В клинике всегда пахнет болью, человеческими переживаниями и кровью, что никак не желает перебиваться хлоркой — здесь самые страшные эмоции спрессованы и сконцентрированные до такой степени, что по коридорам порой гуляют сквозняки и тени — их невозможно разглядеть, но избавиться от них ещё сложнее.
— Случайность, — упрямо врёт она и ложь остаётся на языке горечью.
Карлайл едва заметно морщится — словно птичье перо скользит по высокому лбу.
Не верит
И прежде чем на бледном лице мелькает разочарование, Белла зовёт его по имени доверительно и нервно:
— Карлайл.
Это неожиданно кажется неловким, хотя произносилось уже десятки раз — сейчас, когда вокруг столько белого, что смотреть больно, когда он сам напоминает того, в кого верит — вампиру это ни к лицу, это странно, это напоминает тропу с началом, но без конца.
И Белла чувствует тонкую нить страха под кожей, она ворочается и задевает кость — там, где его пальцы касаются её руки, где, несмотря ни на что, просыпается схожесть с тем, из-за кого она здесь.
— Я должна сказать… — начинает Белла, но прерывается, когда встречает внимательный и серьёзный взгляд — в один миг исчезает из него и лёгкое веселье и теплое добродушие, что помогает пациентам держаться за спасательный круг в озере из боли и смерти.
Живое золото пробивается сквозь голодный мрак и мягко скользит по её лицу.
Белла знает, что в этой битве Эдвард всегда проигрывает — чернила разрезают солнечный свет, и он смотрит на неё жадно.
Она тогда думает, сколько ещё осталось любви у чудовища.
И понимает, что сама больше не чувствует ничего.

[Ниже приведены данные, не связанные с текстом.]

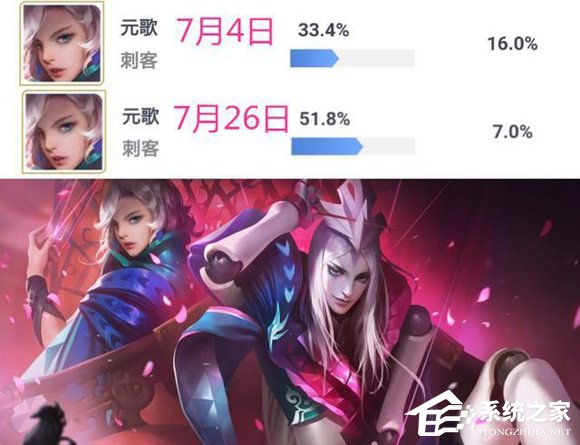 王者荣耀元歌胜率大幅提升 典韦被削弱还是强势创造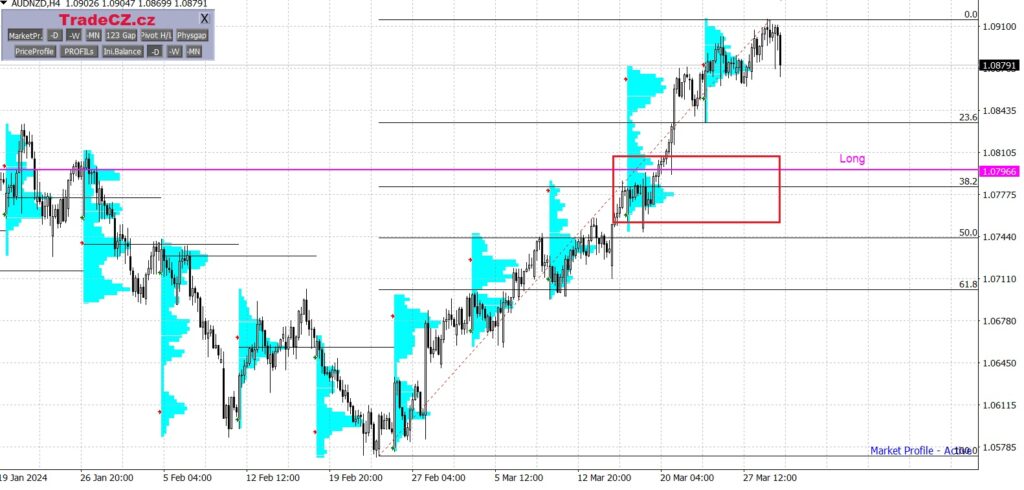 Měnový pár AUD/NZD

— Ваши мысли, — добавляет она неловко и замирает в ожидании — ну же, вот сейчас Карлайл вышвырнет её за дверь, потому что не с ним ей обсуждать подобное, что-то, что необходимо скрыть ото всех, для этого у неё есть и мать и отец
и Эдвард.
Да только вот с этим никто из них помочь не в силах.

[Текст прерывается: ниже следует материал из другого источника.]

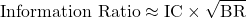\[\text{Information Ratio} \approx \text{IC} \times \sqrt{\text{BR}}\]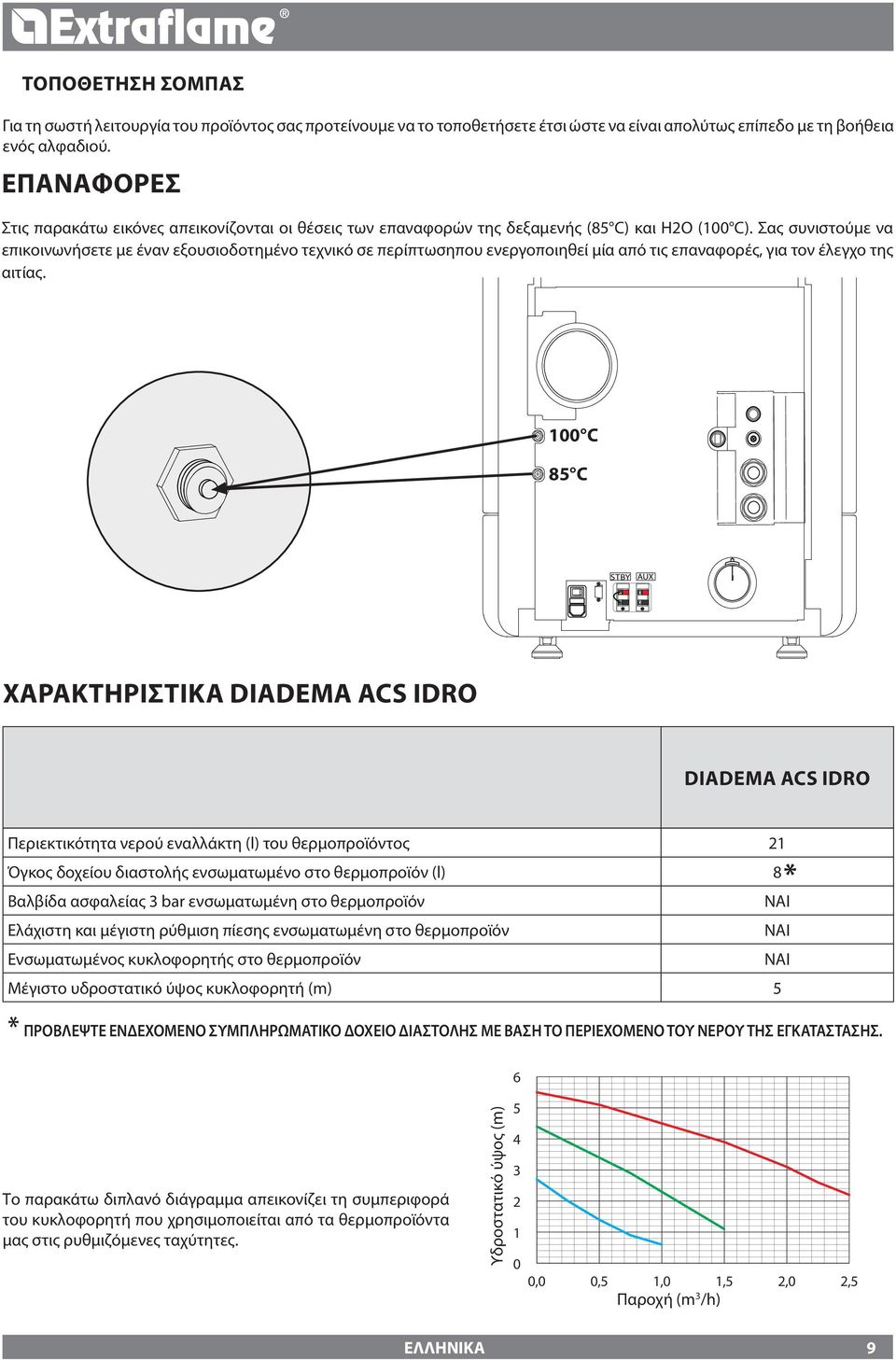 Σας συνιστούμε να επικοινωνήσετε με έναν εξουσιοδοτημένο τεχνικό σε περίπτωσηπου ενεργοποιηθεί μία από τις επαναφορές, για τον έλεγχο της αιτίας.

Зафиксированные пальцы пульсируют жаром в такт ускоренному сердцебиению — Карлайл продолжает держать их в своих ладонях, и Белла не хочет думать об этом дольше положенного, потому что ничего, кроме отеческой заботы там нет, хотя до омерзительной дрожи по рёбрам, эгоистично и отвратительно она жаждет разглядеть там что-то
от чего тугой узел в животе вспыхнет кипятком.
— Созданные вампиры не могут идти против своего творца, — медленно и взвешенно начинает доктор Каллен, а Белла застывает в изумлении: с каждым днём замочная скважина в иной мир становится все шире, в один момент, грозясь, превратиться в дверь
в которую можно войти
и из которой может что-то выйти
— Значит ваши?..
— Мои решения, эмоции и мысли подвластны только мне. Ты можешь говорить, — звучит тихим бархатом где-то слева, и Белла думает, что если слышать этот голос перед смертью — становится нестрашно: она почти видит, как сотни израненных и больных находили утешение, прижимались раскалёнными лбами к ледяным ладоням и шептали что-то, о чем никто никогда не узнает, задыхаясь от боли, что идёт сквозь время — Malitia supplet aetatem, но конец всегда один.

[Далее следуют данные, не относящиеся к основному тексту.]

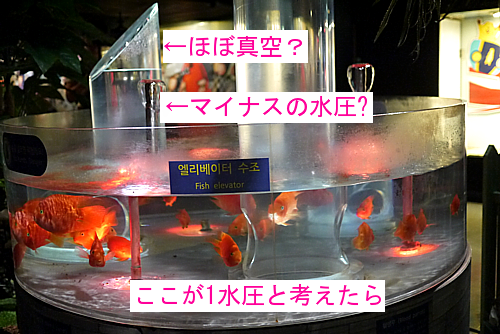 水圧の問題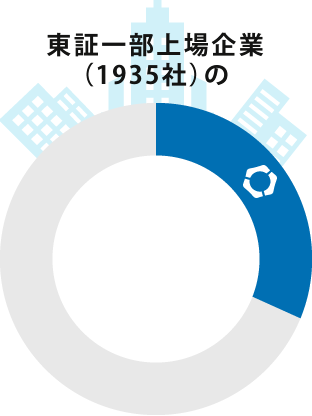 東証一部企業(1935社)の30%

— Эдвард он…он изменился, — Белла не знает как правильно начать, ведь: «Ваш сын жаждет разорвать мне горло, но зовёт это любовью» — звучит ужасно, и она продолжает как может бесстрастно, хотя внутри неё полыхают остатки их цветущей поляны: — Это связано с голодом.
Ни единой тени не мелькает на лице Карлайла и Белла не может прочесть ту ускользающую эмоцию, что окрашивает его глаза — нечто подобное она наблюдает, оказываясь вновь на пороге клиники — Белла говорит себе, что неуклюжесть — (ни в коем случае не напуская) — на самом деле не является лишь предлогом.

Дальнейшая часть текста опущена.